What the task asks:
What is needed here is an exact repetition of the records below, beginning at the line that has "5D DIY Turtle" and stopping after the line that has "金融股票配資 股票配資世界：掘金機遇，風險共擔！".

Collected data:
--------------------

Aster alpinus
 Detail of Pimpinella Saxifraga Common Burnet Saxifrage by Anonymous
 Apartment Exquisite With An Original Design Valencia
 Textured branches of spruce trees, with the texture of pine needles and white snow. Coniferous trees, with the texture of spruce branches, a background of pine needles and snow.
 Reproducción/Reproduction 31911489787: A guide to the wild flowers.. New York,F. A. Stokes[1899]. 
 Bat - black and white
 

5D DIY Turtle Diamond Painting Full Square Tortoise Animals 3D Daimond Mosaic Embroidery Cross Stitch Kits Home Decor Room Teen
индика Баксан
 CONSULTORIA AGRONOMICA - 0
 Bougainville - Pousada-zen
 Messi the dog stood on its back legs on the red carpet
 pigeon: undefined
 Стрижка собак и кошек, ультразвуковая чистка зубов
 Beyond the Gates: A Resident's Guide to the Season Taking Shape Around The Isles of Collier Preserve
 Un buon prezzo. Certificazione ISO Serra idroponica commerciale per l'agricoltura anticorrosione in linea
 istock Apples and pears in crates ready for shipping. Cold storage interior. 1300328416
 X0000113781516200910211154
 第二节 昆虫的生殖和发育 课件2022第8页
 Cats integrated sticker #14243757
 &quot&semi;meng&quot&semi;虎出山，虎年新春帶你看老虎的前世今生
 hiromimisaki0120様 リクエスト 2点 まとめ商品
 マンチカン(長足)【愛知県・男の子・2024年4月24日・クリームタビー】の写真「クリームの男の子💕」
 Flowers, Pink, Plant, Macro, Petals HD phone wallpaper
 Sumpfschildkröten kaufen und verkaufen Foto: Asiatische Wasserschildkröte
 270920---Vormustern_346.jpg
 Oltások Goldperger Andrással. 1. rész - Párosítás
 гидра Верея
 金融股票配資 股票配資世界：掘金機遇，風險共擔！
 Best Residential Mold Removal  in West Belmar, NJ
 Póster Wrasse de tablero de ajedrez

--------------------

Response box:
5D DIY Turtle Diamond Painting Full Square Tortoise Animals 3D Daimond Mosaic Embroidery Cross Stitch Kits Home Decor Room Teen
индика Баксан
 CONSULTORIA AGRONOMICA - 0
 Bougainville - Pousada-zen
 Messi the dog stood on its back legs on the red carpet
 pigeon: undefined
 Стрижка собак и кошек, ультразвуковая чистка зубов
 Beyond the Gates: A Resident's Guide to the Season Taking Shape Around The Isles of Collier Preserve
 Un buon prezzo. Certificazione ISO Serra idroponica commerciale per l'agricoltura anticorrosione in linea
 istock Apples and pears in crates ready for shipping. Cold storage interior. 1300328416
 X0000113781516200910211154
 第二节 昆虫的生殖和发育 课件2022第8页
 Cats integrated sticker #14243757
 &quot&semi;meng&quot&semi;虎出山，虎年新春帶你看老虎的前世今生
 hiromimisaki0120様 リクエスト 2点 まとめ商品
 マンチカン(長足)【愛知県・男の子・2024年4月24日・クリームタビー】の写真「クリームの男の子💕」
 Flowers, Pink, Plant, Macro, Petals HD phone wallpaper
 Sumpfschildkröten kaufen und verkaufen Foto: Asiatische Wasserschildkröte
 270920---Vormustern_346.jpg
 Oltások Goldperger Andrással. 1. rész - Párosítás
 гидра Верея
 金融股票配資 股票配資世界：掘金機遇，風險共擔！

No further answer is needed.